◆ What the task asks ◆
Once you find the line with "XZDAL Velvety Soft" in the entries below, print it and each line after it up to and including the line with "Philipp Plein Zwarte", exactly, without pictures.

Information provided below:

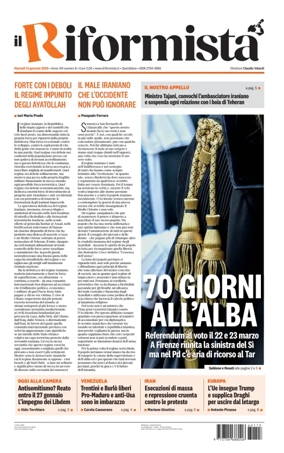 Cover of Il Riformista (Italy)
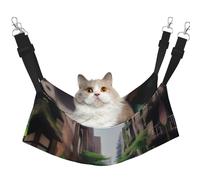 XZDAL Velvety Soft aUrban Jungle Hammock L for Pet Cats, Adjustable with Metal Hooks, Double-Sided for Ultimate Comfort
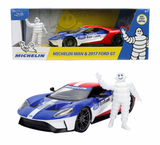 (Pre-Order) 1:24 Michelin Man w/2017 Ford GT -- Michelin Tyres -- JADA
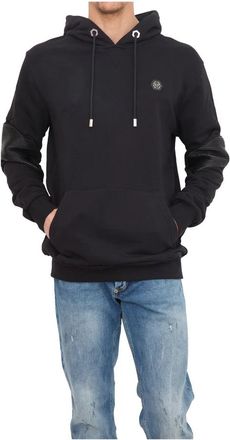 Philipp Plein Zwarte hoodie sweatshirt - Heren - Hoodies - Zwart - M - Katoen - Hoodies & sweatvesten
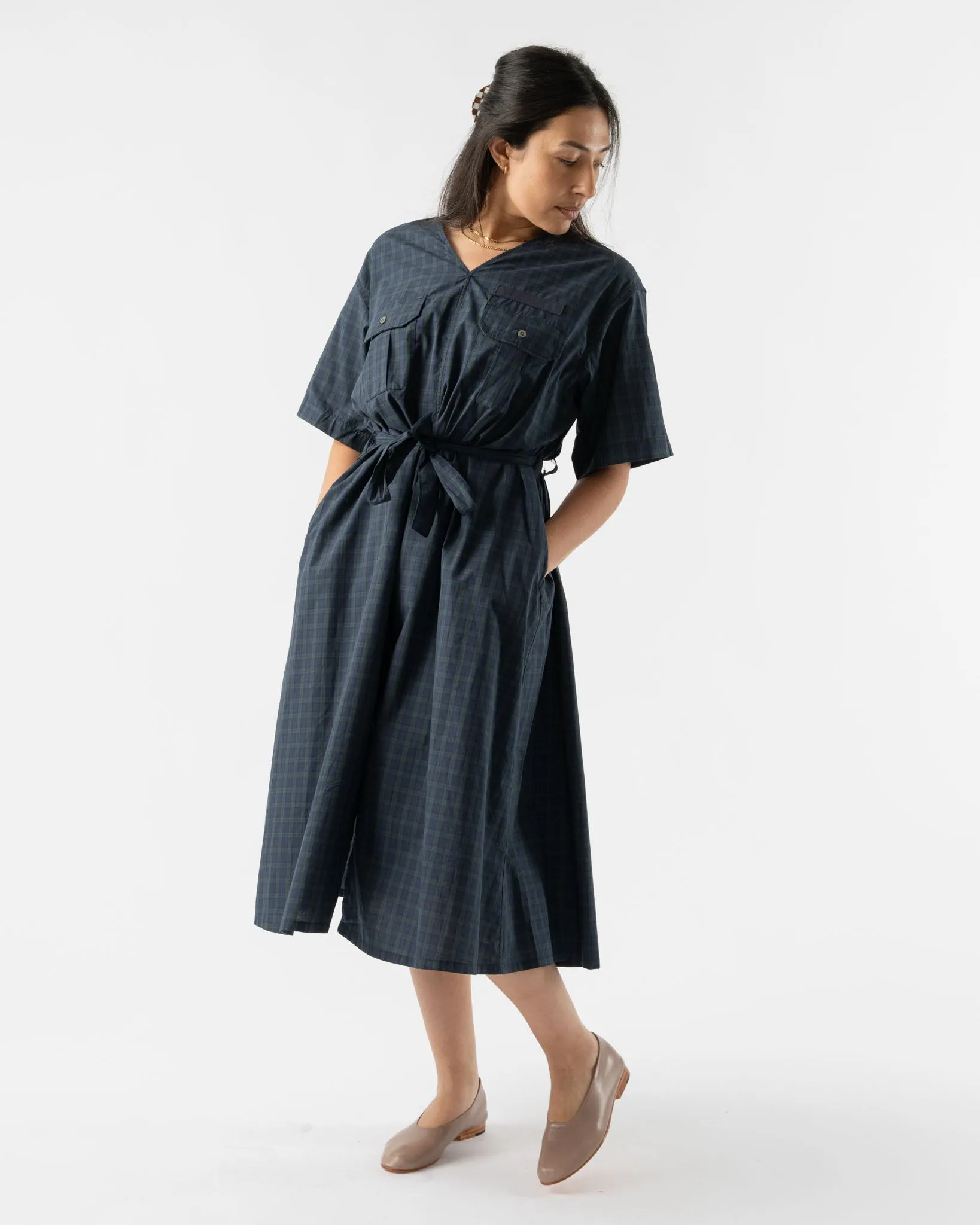 BLANK YSM Popover Dress in Blackwatch Pima Cotton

End of Information provided.

◆ Exercise response ◆
 XZDAL Velvety Soft aUrban Jungle Hammock L for Pet Cats, Adjustable with Metal Hooks, Double-Sided for Ultimate Comfort
 (Pre-Order) 1:24 Michelin Man w/2017 Ford GT -- Michelin Tyres -- JADA
 Philipp Plein Zwarte hoodie sweatshirt - Heren - Hoodies - Zwart - M - Katoen - Hoodies & sweatvesten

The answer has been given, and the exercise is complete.